The task: Write out every line below again exactly as it stands, skipping each image.

Information provided:
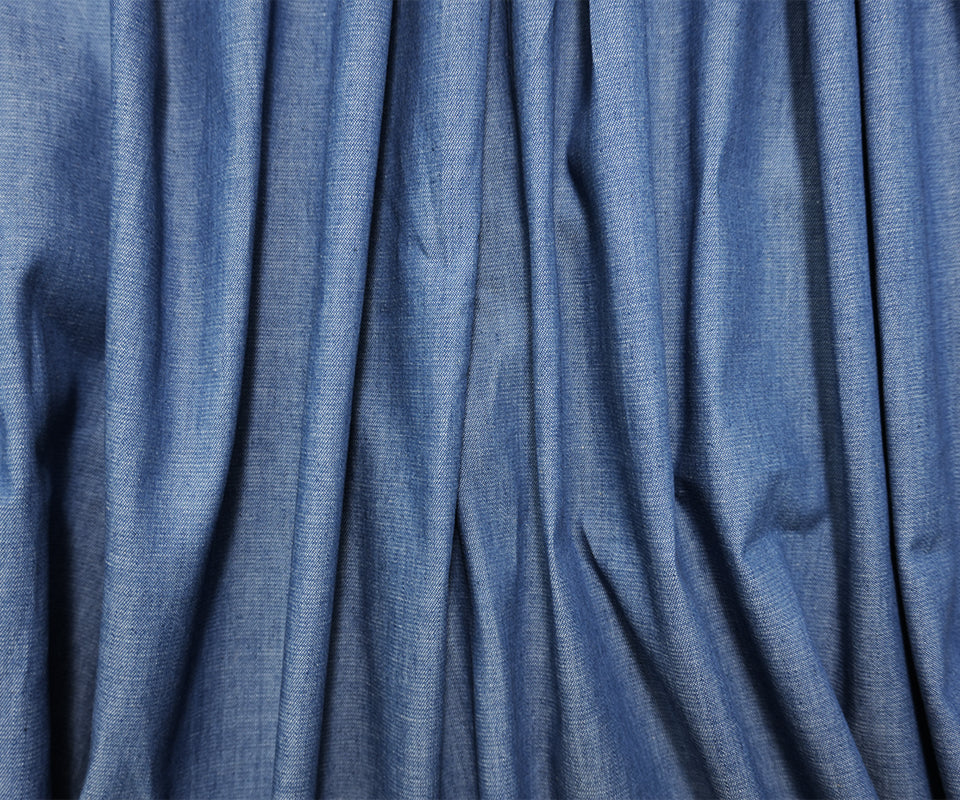 Blue 4.5 oz. Washed Cotton Twill Denim Reorderable Woven Fabric - Image 2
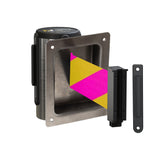 Wall Mounted Retractable Belt Barrier, Recessed Polished Stainless Steel Metal Case with Standard Belt End, 8.5 ft Belt - Montour Line WM115 - Crowd Control Warehouse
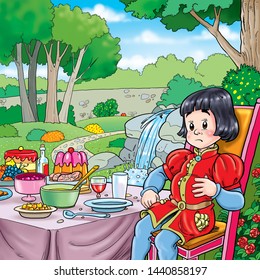 Illustration Of A Prince Holding His Belly Because Of Tummy Ache After Eating Too Much 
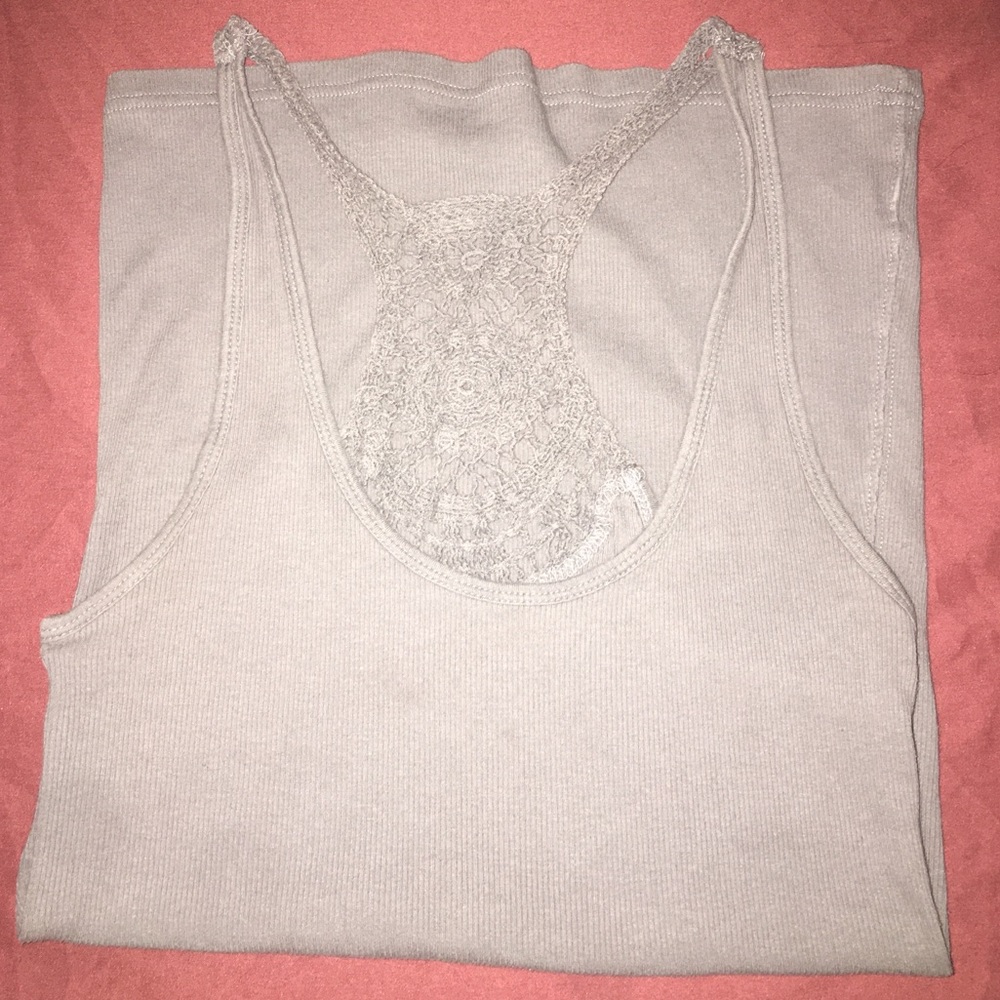Light Gray Detailed American Eagle Tank Top Size M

Solution below:
 Blue 4.5 oz. Washed Cotton Twill Denim Reorderable Woven Fabric - Image 2
 Wall Mounted Retractable Belt Barrier, Recessed Polished Stainless Steel Metal Case with Standard Belt End, 8.5 ft Belt - Montour Line WM115 - Crowd Control Warehouse
 Illustration Of A Prince Holding His Belly Because Of Tummy Ache After Eating Too Much 
Light Gray Detailed American Eagle Tank Top Size M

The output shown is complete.